Cet ouvrage est la première traduction en langue française d’un morceau exquis de la prose russe symboliste. Non seulement ce texte est un petit chef-d’œuvre en soi, mais il permet de jeter un regard nouveau sur l’un des principaux acteurs des Ballets Russes et de comprendre comment ce voyage en Grèce a influencé et déterminé toutes les créations ultérieures de Léon Bakst.
Du tableau Terreur antique aux décors et costumes de l’Après-midi d’un faune, mêlant au souvenir de la Grèce antique un orientalisme sensuel et coloré, Bakst inspire tout un courant dans l’art et la mode du début du XXe siècle. L’auteur de cette traduction et de l’essai introductif tente de retrouver les sources dans l’effervescence intellectuelle de la Russie au tournant du siècle et de saisir l’originalité de l’hellénisme de Bakst.

 

L’AUTEUR – Léon Bakst

Peintre russe, il devient en 1898 l’un des fondateurs avec Diaghilev du mouvement Le Monde de l’Art.

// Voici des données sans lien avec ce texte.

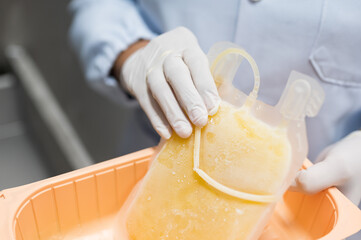 Close up scientist hand holding fresh frozen plasma bag in storage blood refrigerator at blood bank...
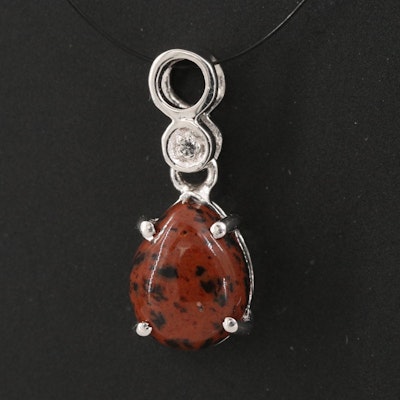 Sterling silver Mahogany Obsidian and Topaz Pendant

Il expose à Paris, à la Galerie nationale, et est chargé de l’aménagement décoratif de l’exposition russe au Salon d’automne en 1908.

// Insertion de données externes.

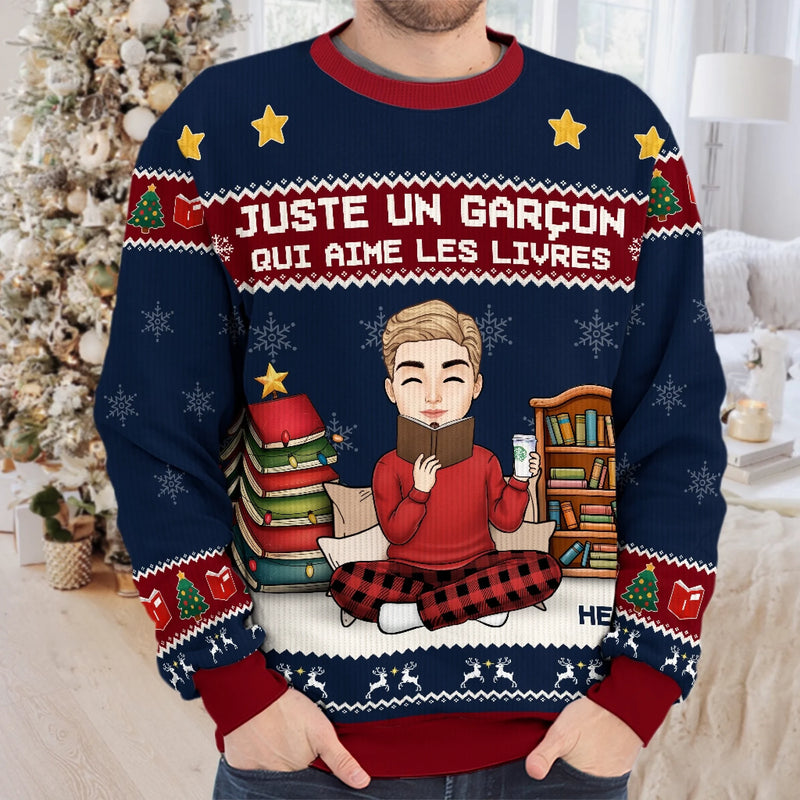 Sweatshirt De Noël Laid Unisexe Personnalisé - Cadeaux De Noël Pour Amoureux Des Livres, Rats De Bibliothèque, Lecteurs - Tout Ce Que Je Veux, Ce Sont Des Livres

Il devient, dès leur naissance, le collaborateur privilégié des Ballets russes, pour lesquels il réalise costumes et décors jusqu’en 1921.

 

PRIX Cet ouvrage a reçu le Prix du festival de l’histoire de l’art de Fontainebleau.

 

AVIS DE LECTEURS – J’attendais un carnet d’artiste qui cherche, comme il l’a d’ailleurs fait, dans ces lieux antiques, son graal artistique, et je suis étonnée de trouver mieux que cela. Mais pas d’affectation, pas de prise de notes techniques : une atmosphère tellement vraie que j’ai non seulement visualisé les lieux, mais rapproché de cette vision des quantités de sens, ce qui m’arrive rarement quand le texte n’est pas ostensiblement descriptif. (DonaSwan sur Babelio – http://aufildesimages.canalblog.com/archives/2018/03/13/36224613.html)

Bakst n’est pas seulement le génial créateur des ballets russes : il est aussi un écrivain sensible et profond, comme le prouve cet étonnant voyage en Grèce, un texte introuvable même en russe et jamais traduit dans une autre langue. Un petit bijou!
La traduction est accompagnée d’une grande introduction passionnante sur l’artiste et son milieu, le tout très bien illustré des tableaux de Bakst et Sérov.